No direito e filosofia chineses, o legalismo (ou ainda legismo) (em língua chinesa: 法家; pinyin: Fǎjiā), foi uma das seis principais escolas de pensamento durante os períodos da Primavera e Outono e dos Reinos Combatentes. O legalismo pode ser considerado uma visão pragmática de filosofia política. Seus princípios essenciais são os da jurisprudência, sendo assim o legalismo parte importante do direito da China.

"Legalismo" pode significar, de uma maneira geral, "filosofia política que sustenta o poder da lei", e portanto é distinguida do significado ocidental. Largamente ignorando a moral ou questões sobre como a sociedade deveria funcionar em termos ideais, a escola examinou o governo da época, enfatizando uma consolidação realista da riqueza e do poder do autocrata e do estado, com o objetivo de conseguir crescentes ordem, segurança e estabilidade.[1][2][3][4][5]

O legalismo era a filosofia política central da Dinastia Qin, culminando na unificação da China pelo 'Primeiro Imperador' (Qin Shi Huangdi). O pensamento legalista frequentemente foi comparado com a obra do pensador político florentino Nicolau Maquiavel, e com o Artaxastra, de Cautília.
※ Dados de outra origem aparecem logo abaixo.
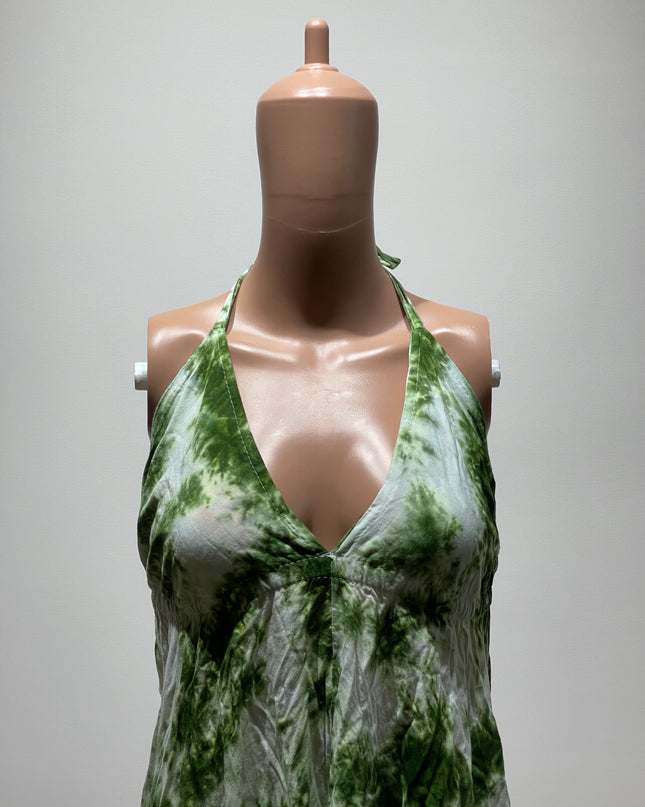 Green and White TieDye Women's Beachwear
Tinha laços estreitos com outras escolas.[6] Influenciou o taoismo[7][8][9][10][11][12] e o confucionismo, e ainda mantém até hoje uma grande influência sobre a administração, a política e a prática legal na China.[13][14]

Princípios

O legalista chinês Han Fei trabalha com os três princípios desta filosofia, os quais seriam utilizados pelo filósofo moderno Feng Youlan para uma classificação dos legalistas:[15][16][17]
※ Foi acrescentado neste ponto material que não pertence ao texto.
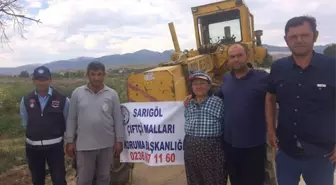 Sarıgöl Çiftçi Malları Koruma Başkanlığı'ndan Arazi Yollarında Çalışma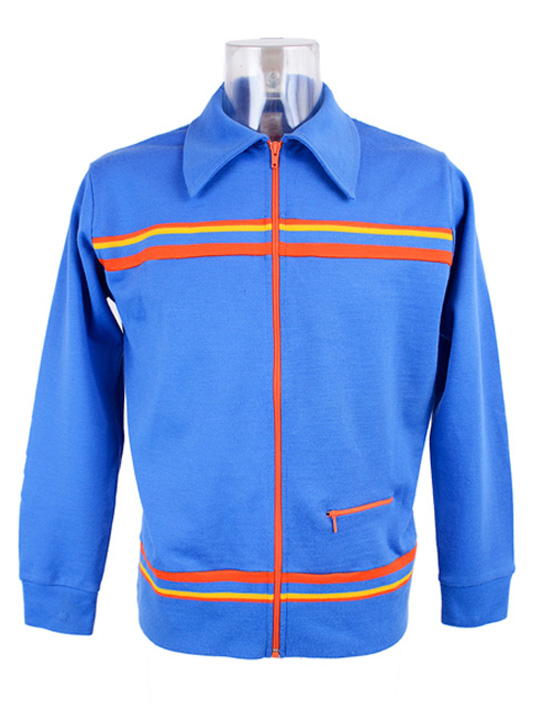 Wholesale Vintage Clothing 70s polyester non brand sportjackets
  • Fa (法, ): "Lei", "método" ou "padrão", uma lei do princípio. O código legal deve ser escrito de forma clara e deve ser feito público. Todas as pessoas sob a jurisdição do governante são iguais perante a lei. Leis devem recompensar aqueles que obedecem-nas e punir de acordo aqueles que não o fazem. Assim, garante-se que as ações tomadas sejam prognosticadas. Em adição, o sistema legal comanda o Estado, não o governante. Se a lei é garantida de forma efetiva, mesmo um governante fraco será forte. De acordo com o sinólogo Herrlee Glessner Creel, esta escola teve duas principais correntes: uma fundada por Shang Yang, focada no direito penal; e uma segunda, chamada Fa-Jia, fundada por Shen Buhai, focada no papel do governante dentro da burocracia.[18]
  • Shu (術, shù): "Arte" ou "técnica". Táticas especiais ou secretas devem ser tomadas pelo governante para garantir que outros não tomem controle do Estado. Assim, ninguém pode prever as motivações do governante, e portanto não é possível saber que atitude lhe pode agradar, exceto seguir as leis (fa). Nesta escola se inclui Shen Buhai, em outras classificações tido como parte da Fa-Jia.
  • Shi (勢, shì): "Força", consistindo em legitimidade, poder ou carisma. É a posição do governante que possui o poder, não o governante em si. Para tanto, análises do contexto, dos acontecimentos e dos fatos são essenciais para o governante. Este enfoque era parte do legalismo de Shen Dao, mas este mesmo não teve um séquito considerável conhecido.